Rappelons qu’il a fallu attendre 2007 pour voir une femme, Andrée Rozier devenir MOF cuisine. Elles ne sont aujourd’hui que deux depuis le couronnement de Virginie Basselot, en 2015, à arborer le fameux col tricolore. Inversement, dès le second Bocuse d’or en 1989, une femme, Léa Linster, s’était imposée à la surprise générale grâce à sa volonté farouche et sa personnalité hors norme. Mais depuis, aucune de ses consœurs ne lui a succédé au palmarès ou n’a même décroché l’argent ou le bronze. « Paul Bocuse m’avait confié qu’il aurait beaucoup aimé voir une femme monter à nouveau sur le podium » assure Marie Sauce Bourreau. « Contrairement à ce qu’on croit, c’était un cuisinier très ouvert à la féminisation du métier. » La présidente des Toques françaises assure que la situation évolue positivement et conseille de visionner le documentaire de Vérane Fédrani, A la recherche des femmes chefs, sorti en 2016, où la réalisatrice va à la rencontre de près de 500 cuisinières. On y voit une nouvelle génération de passionnées, parmi laquelle se révéleront sans doute de grands noms.
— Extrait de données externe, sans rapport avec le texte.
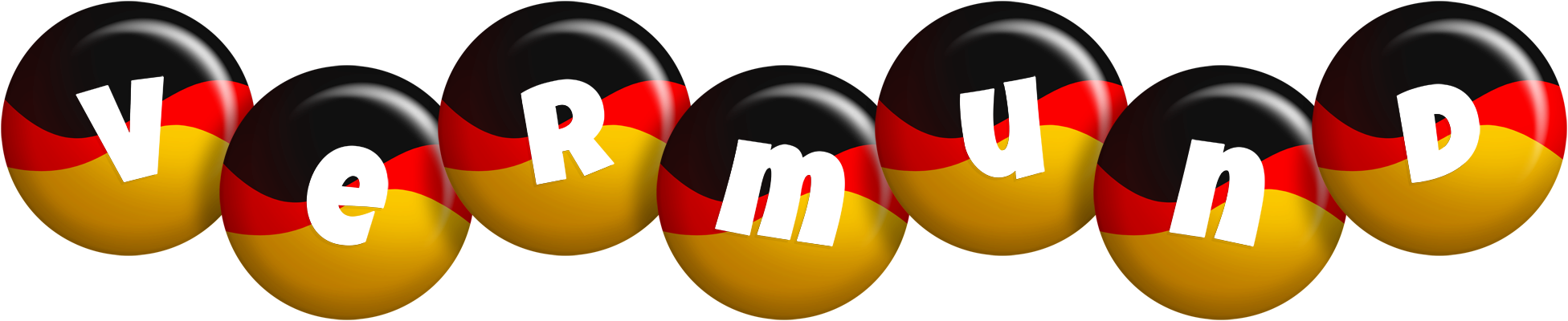 Vermund german logo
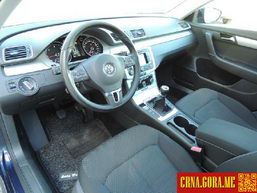 Prodajem auto: Volkswagen - Passat 2.0 TDI 2011 godište, Podgorica - Vozila - Crna Gora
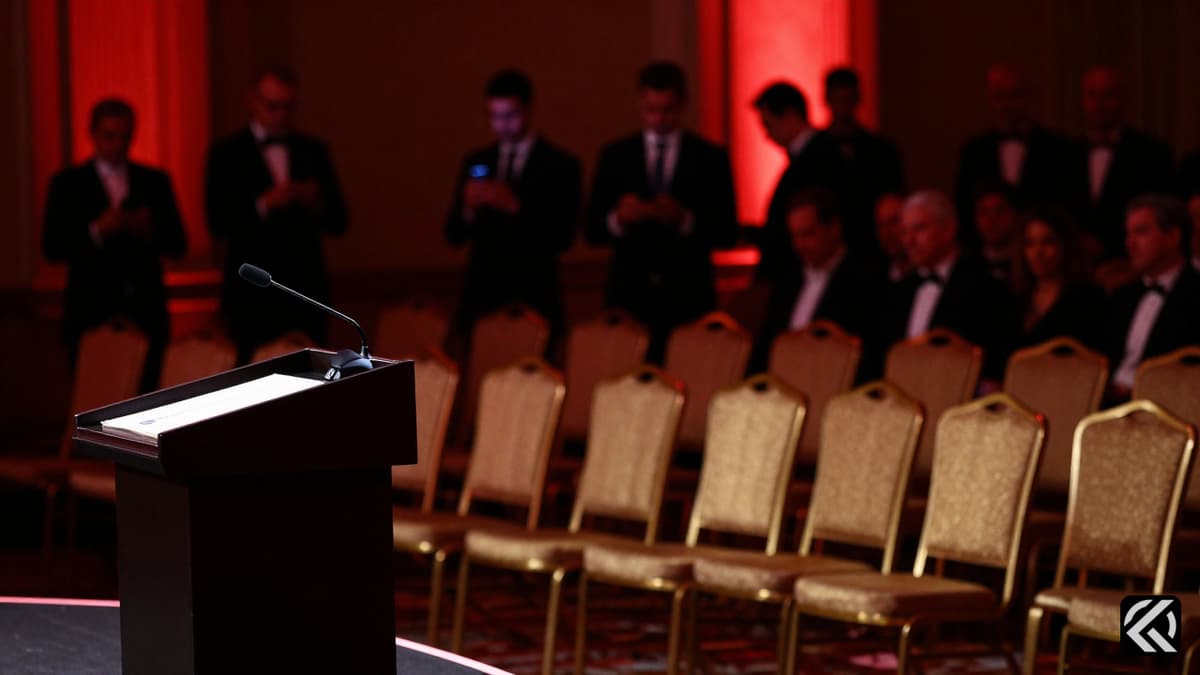 Trump’s WHCA Speech Bombs as Jokes Fade and Iran Claims Surge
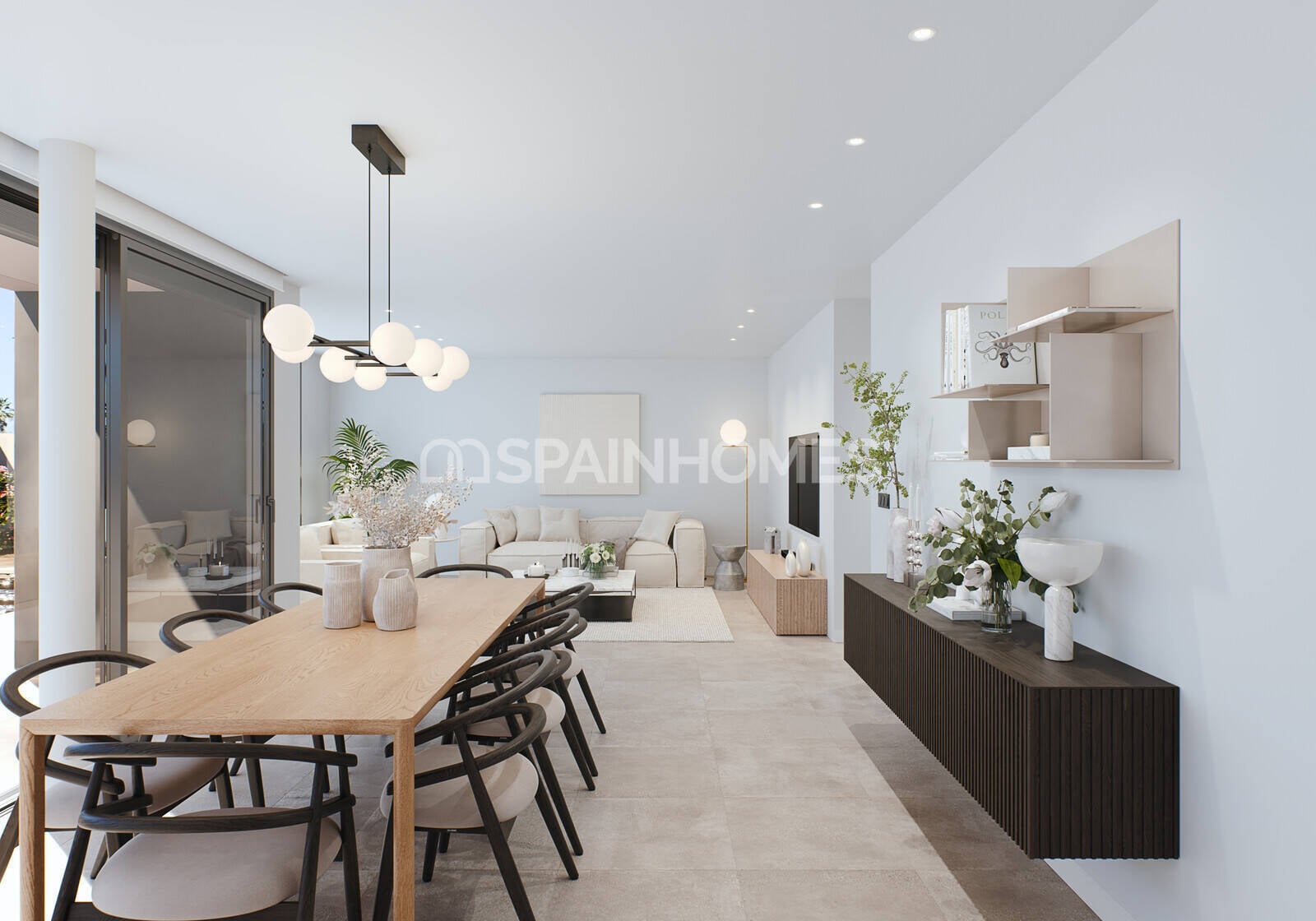 Villa à Orihuela, Alicante, Espagne 5 chambres, 345 m2 No. 173830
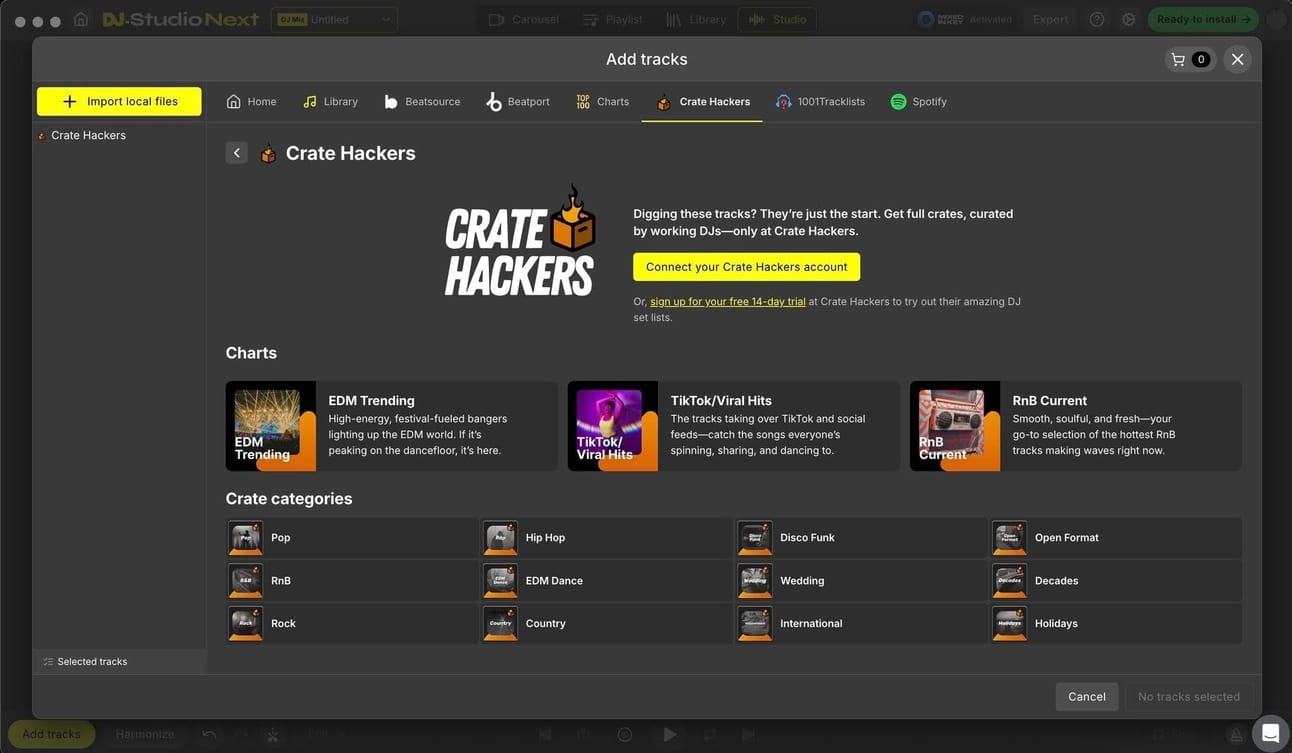 The Smartest DJ Tool Just Got a Crate Hackers Upgrade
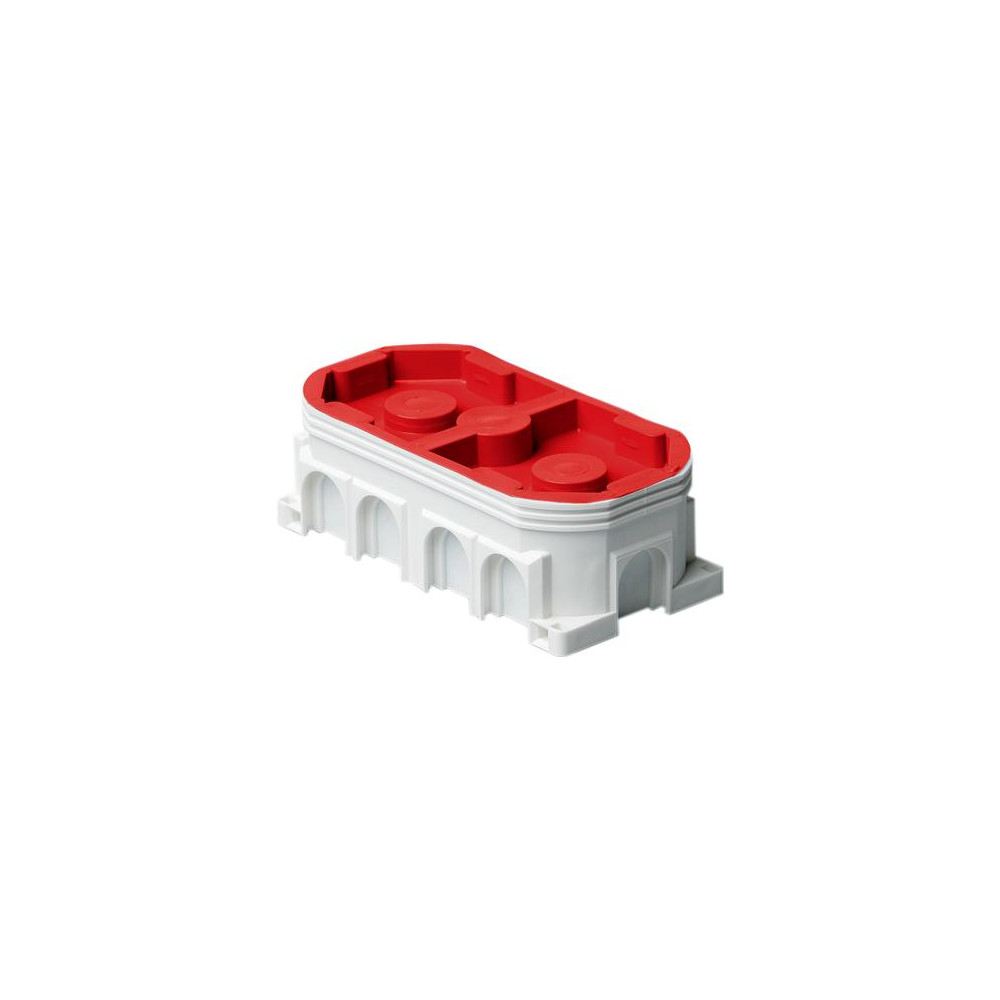 Produktbild för ABB 2TKA130026G1, Röd, Vit, Plast, 71 mm, 142 mm, 47 mm, 71,...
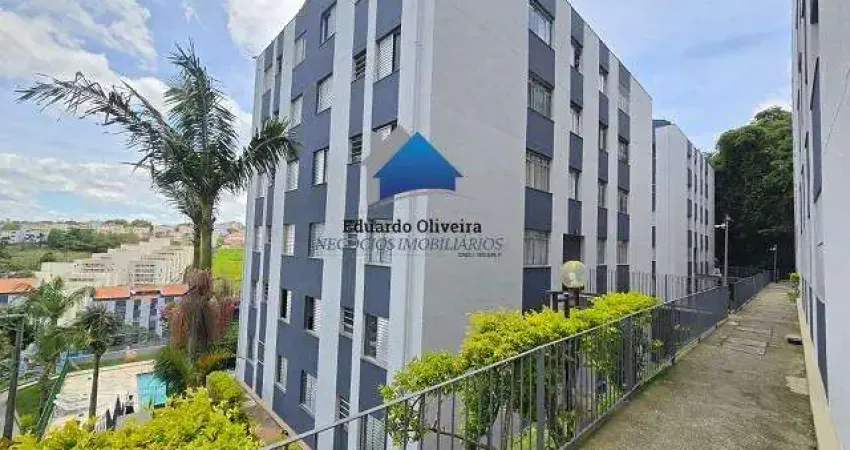 Apartamento com 2 quartos à venda na Estrada Manoel Lages do Chao, 750, Jardim Caiapia, Cotia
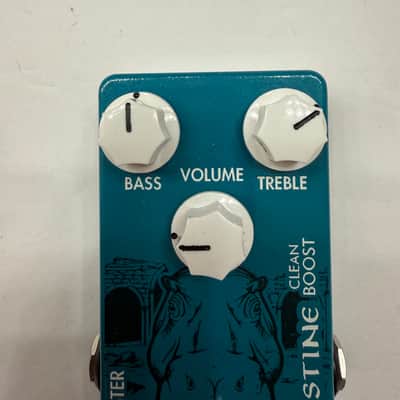 Westminster Effects Augustine Clean Boost V2 Booster Guitar Effect Pedal + Box image 3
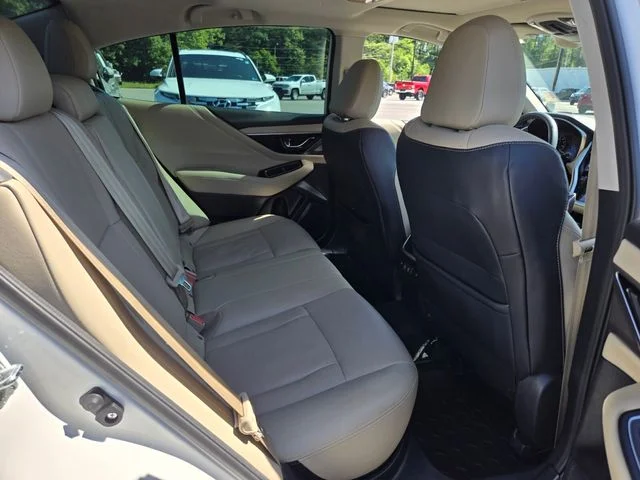Used 2022 White Subaru Limited XT image 22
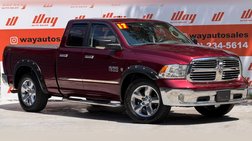 2017 Ram Ram Pickup 1500 Big Horn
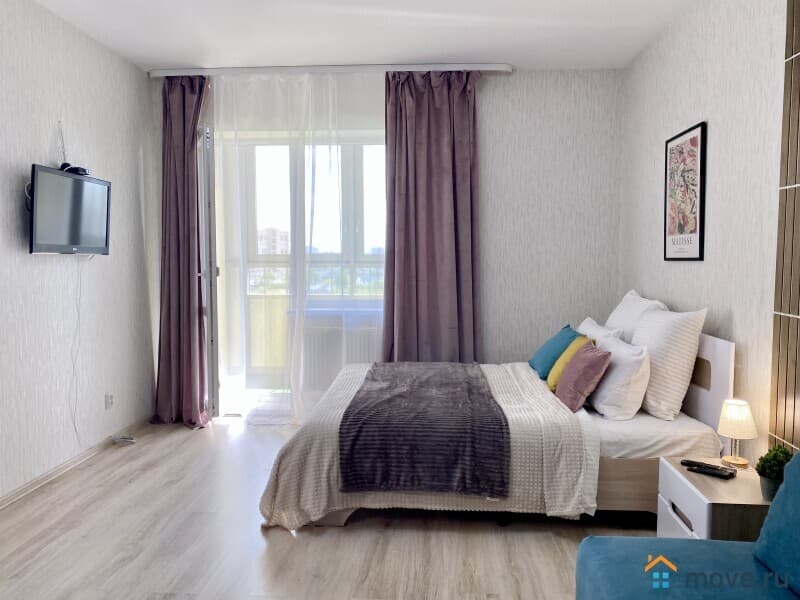 1-комн. апартаменты, 30 м²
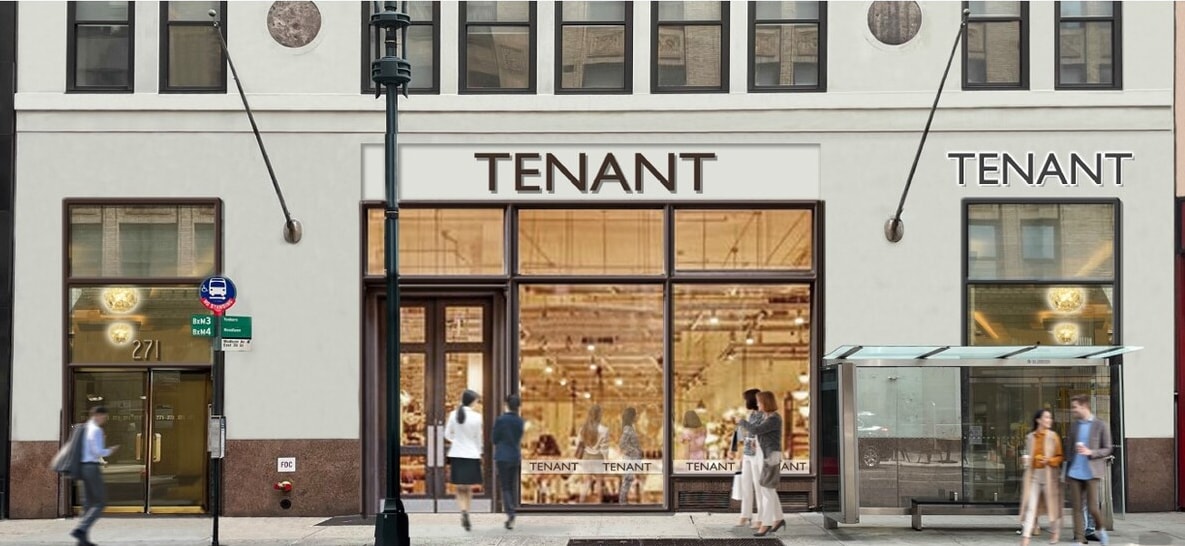 271 Madison Ave, New York, NY for lease Interior Photo- Image 1 of 1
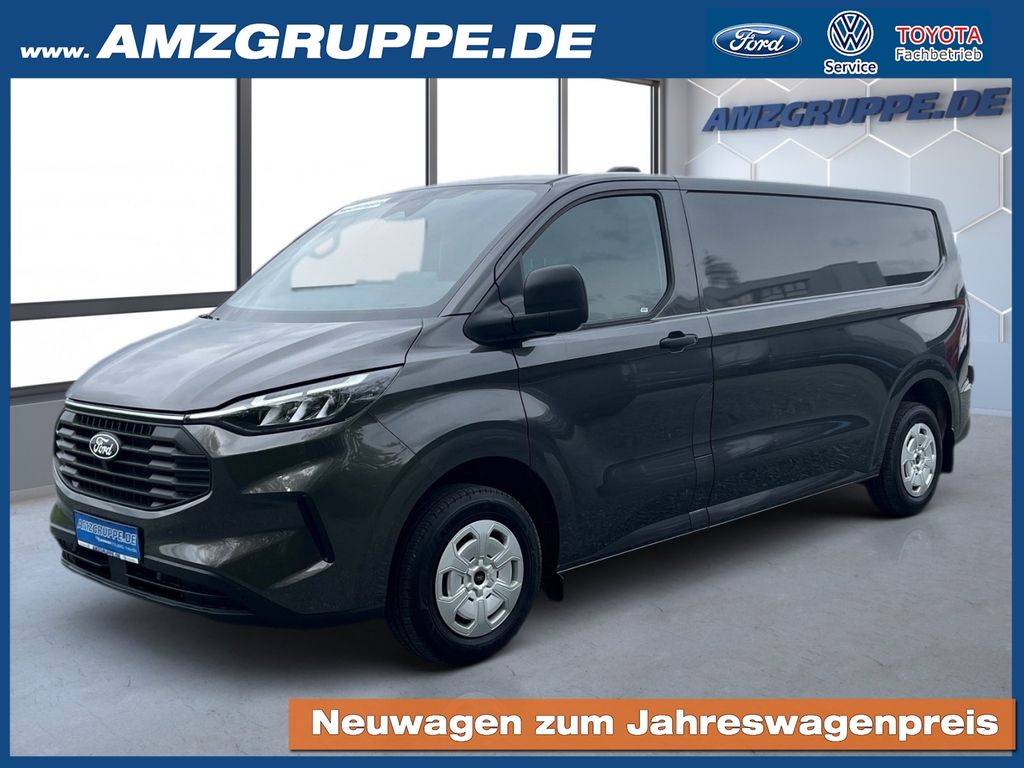Ford Transit Custom 2025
Marie Sauce-Bourreau est convaincue que la route des cuisines est désormais ouverte pour les femmes: « Aujourd’hui, le matériel est adapté et toutes les tâches sont à la portée des femmes ». Pourtant elle estime que ce métier restera difficile à concilier avec une vie personnelle. « Ce sera toujours problématique d’élever des enfants en assumant un rôle de chef. Ce métier, c’est une passion et un choix de vie. » La créatrice de la Cuillère d’or suit attentivement la carrière de ses anciennes lauréates. La première d’entre elles, Ilona Rutgers a créé le restaurant Tomate du jardin à Daumazan-sur-Arize (Ariège) et à l’avenir, on peut attendre de nouvelles success stories chez celles qui ont été galvanisées par une victoire en concours. Ce déclic permet à certaines de réaliser qu’elles peuvent croire à leurs rêves et ne pas toujours subir le diktat d’un chef homme. Marie Sauce cite ainsi le cas d’une jeune apprentie empêchée de participer au concours par son chef sous un prétexte fallacieux. Les barrières mentales sont toujours les plus difficiles à lever, mais il est nécessaire de les abolir. Dans un métier qui peine de plus en plus à recruter, pourquoi continuer à se priver de la bonne volonté d’une moitié de l’humanité ?

Anne-Sophie Pic, lors d’une précédente édition du concours de la Cuillère d’or.

Sorti en 2016, le documentaire A la recherche des femmes chefs explore le monde des cuisines au féminin.